Combien de temps laissera-t-on encore les maîtres d’Internet miner les bases de la démocratie ? Combien de temps les assassins de la vie réelle seront-ils encouragés, secondés, guidés par les incendiaires en ligne, sans que personne ne songe à mettre en cause ceux qui font impunément argent de cet incroyable laxisme ?
En Grande-Bretagne, à Southport près de Liverpool, un jeune meurtrier s’attaque au couteau à un groupe d’enfants, tue trois fillettes et en blesse huit. Horrible massacre qui pétrifie l’opinion et heurte la conscience humaine. Aussitôt, alors même qu’on ignorait l’identité de l’assassin, plusieurs sites conspirationnistes, rapidement relayés par toutes sortes de comptes plus ou moins louches, affirment que l’assassin est un immigré sans-papiers au nom à consonance musulmane.
Comme le prévenu est mineur, la police s’interdit de donner plus de précisions, appelant seulement à la prudence dans l’interprétation. Rien n’y fait : les réseaux amplifient la rumeur, désignent un coupable sans preuves et mettent en cause les immigrés en général, ce qui permet à des activistes d’extrême-droite d’appeler à des manifestations qui tournent aussitôt à l’émeute dans des dizaines de villes du pays.

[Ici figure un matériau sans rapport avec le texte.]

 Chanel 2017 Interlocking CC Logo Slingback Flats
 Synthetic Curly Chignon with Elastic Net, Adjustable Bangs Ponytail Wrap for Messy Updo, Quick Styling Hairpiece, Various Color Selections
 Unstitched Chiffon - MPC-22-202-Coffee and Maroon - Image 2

Devant ces réactions irrationnelles, la police livre l’identité du prévenu : ce n’est pas un musulman sans papiers, c’est un natif de Cardiff d’origine rwandaise, dont on ignore l’obédience religieuse et dont le prénom – Axel – ne le rattache apparemment pas à l’islam. Ce qui n’arrête en rien les manifestants, qui s’attaquent à des foyers de migrants pakistanais ou à des associations caritatives d’aide aux réfugiés.

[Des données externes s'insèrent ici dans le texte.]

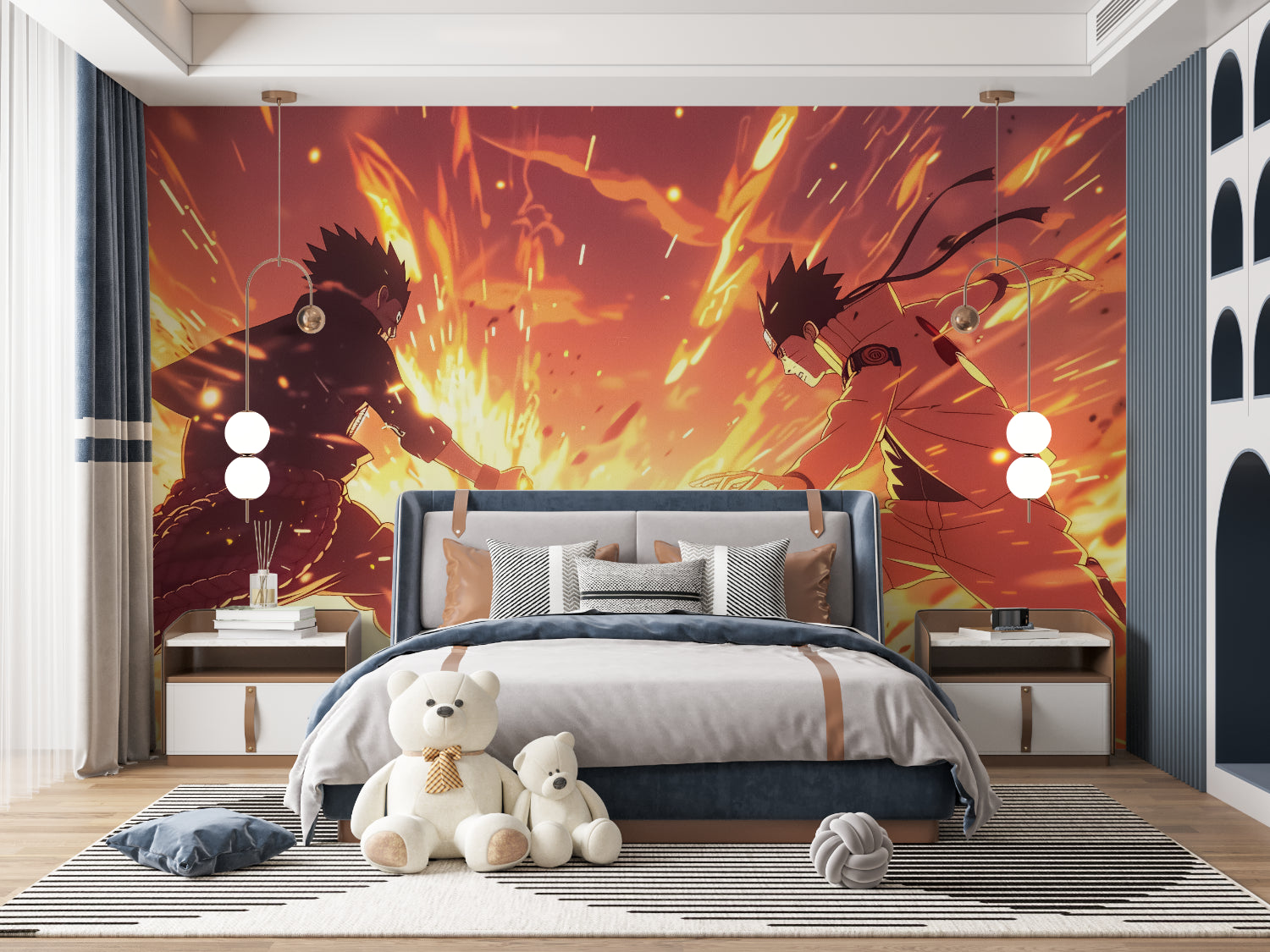 Epic anime battle scene bringing excitement to a collector's room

Les autorités ont toutes les peines du monde à contenir la protestation violente et le gouvernement doit déployer des effectifs massifs, tout en menaçant les émeutiers de sanctions exemplaires. Il faut des contre-manifestations massives organisés par les mouvements antiracistes pour éteindre tant bien que mal l’incendie.
Les commentateurs, dans leur majorité, stigmatisent évidemment le crime initial, particulièrement atroce, et condamnent ensuite l’action perverse des militants d’extrême-droite. D’autres s’interrogent sur les relations intercommunautaires en Grande-Bretagne qui forment la toile de fond des émeutes et qui jettent sur le « multiculturalisme » britannique une lumière embarrassante. Mais au fil de ces réflexions fort légitimes, on oublie d’autres coupables : ceux qui ont véhiculé en toute bonne conscience les messages de haine et les appels à la violence anti-immigrés. C’est-à-dire les richissimes propriétaires des réseaux sociaux tels que X, Tik-Tok ou Telegram.
Tout journal, toute radio, toute chaîne de télévision qui aurait diffusé les mêmes mots d’ordre aurait évidemment dû en répondre devant la justice. Rien de tel pour les réseaux en ligne. Pour eux, aucune différence entre les messages de haine et les messages d’apaisement : dans les deux cas, ceux-ci gonflent l’audience et donc les revenus publicitaires. Et comme la haine se diffuse beaucoup plus vite que la tolérance, les GAFAM s’abstiennent de la combattre sérieusement, trop soucieux de leurs actionnaires qui n’ont d’yeux que pour leurs résultats trimestriels.
Ceci n’est qu’un exemple parmi des milliers, où les règles minimales de la liberté d’expression, qui suppose une régulation minimale, sont allègrement bafouées pour garantir les profits des multinationales du Net. C’est le propriétaire du réseau X, Elon Musk, qui a tiré la leçon de ces événements : « Une guerre civile est inévitable en Grande-Bretagne », a-t-il écrit dans un message sur sa propre plate-forme. Conclusion logique, en effet : jetant sans cesse de l’essence sur les flammes, il est bien placé pour annoncer l’incendie.